Sullivan Gute Frage. Wir durchlebten eine dunkle Periode in unserem Leben, deshalb steckt in diesem Ansatz eine Menge Ehrlichkeit. Wir haben alle schon Rückschläge erlebt, aber alle zusammen so noch nicht. Wir haben andererseits natürlich auch schon die ganz großen Hymnen geschrieben, aber so eine dunkle, melancholische, zurückhaltende Platte noch nie.

Welche dunkle Periode und welche Rückschläge hattet ihr aufgearbeitet?

Sullivan Unser Manager starb Ende 2008, und wir mussten uns selbst um die Geschäfte kümmern, weil wir da niemandem getraut haben. Das hat gedauert. Dann kam 2009 die Platte "Today Is A Good Day" raus, gefolgt von der "30-Jahre-NMA-Tour" 2010. Anschließend ist unser Übungsraum mit den Musikinstrumenten und dem Archiv abgebrannt, dann mussten wir einen neuen Bassisten finden, und danach hatten wir auch noch einen Einbruch.

Nicht schlecht. Was ging in dir vor, als du dein Archiv abbrennen sahst?

Sullivan Zwiespältige Gefühle. Einerseits liebt man seine Instrumente, doch es sind nur Instrumente, die man verliert, aber wenn dann auch noch das ganze Archiv abbrennt, da fängt der Spaß erst richtig an! Sarkastisch ausgedrückt: Ich war richtiggehend glücklich, als sich das Archiv in Rauch auflöste.

Deinen Humor hast du ja nicht verloren. Auch euer Albumtitel "Zwischen Hund und Wolf" erscheint etwas ungewöhnlich. Was soll der denn bedeuten?

Sullivan Es ist ein alter mittelalterlicher Ausdruck für die Dämmerung. Es ist die Zeit, in der man sich nicht entschieden kann, ob die Gestalt, die sich dahinten zwischen den Bäumen bewegt, dein Jagdhund ist oder ein Wolf. Der Ausdruck passt für uns als Titel, für die Band und sogar ihre Mitglieder. Jedes Bandmitglied ist eigentlich sehr nett, aber nicht zu zähmen.
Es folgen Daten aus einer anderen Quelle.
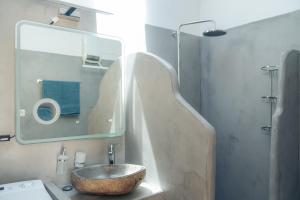a bathroom with a stone sink and a mirror at Rena's Dream in Artemonas +1 photo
Das ist nur ein Element von "New Model Army": Da bricht etwas aus der Band hervor, aber nur manchmal.

Wie kam es, dass ihr nach dem Studio-Album 2013 jetzt gleich wieder ein Jahr später eine von den Titeln her identische Live-CD mit Titel "Between Blood And Wine" inklusive sechs neuer Studiosongs veröffentlicht habt?

Sullivan Einerseits dachten wir, dass diese Live-Versionen es wert wären und für sich selbst stehen würden, indem sie einmal anders daherkommen. Dann hatten wir noch einige Lieder zum Album übrig und haben mit "According To You" und "Devils Bargain" noch zwei nachträglich fertig gestellt. Und während dieses Prozesses haben wir noch vier weitere geschrieben. Wir haben uns dabei überlegt, ein Live- und ein Mini-Album gemeinsam herauszubringen und jeden damit etwas zu verwirren.

Wenn ihr etwas Neues produzieren wollt, startet das bei Null oder habt ihr immer was auf Vorrat?

Sullivan Die Art, wie wir schreiben, besteht nur gelegentlich darin, dass ich eine Gitarre in die Hand nehme und was komponiere. Das passiert nicht oft. Meistens arbeiten wir so, dass wir einen Schrank voll mit musikalischen Ideen haben. Die sind durchsortiert nach Drum-Beats, Gitarren-Riffs, ein paar Gesangsformen und Melodien, Klängen und sonstige Ideen. Im anderen Schrank sind die Notizbücher, die ich mit mir herumtrage, voll mit Sachen, über die ich noch schreiben möchte, was Leute mir so erzählen, was ich so lese. Solange die Schränke voll sind, was sie eigentlich immer sind, ist es ziemlich einfach zu schreiben, weil du ein paar Ideen herauskramst. Wenn die eine nicht funktioniert, probierst du halt eine andere aus.

Habt ihr eure dunkle Periode hinter euch?

Sullivan Vielleicht lauert die nächste schon um die Ecke. Aber im Augenblick sieht alles sehr interessant aus und wir sind sehr produktiv.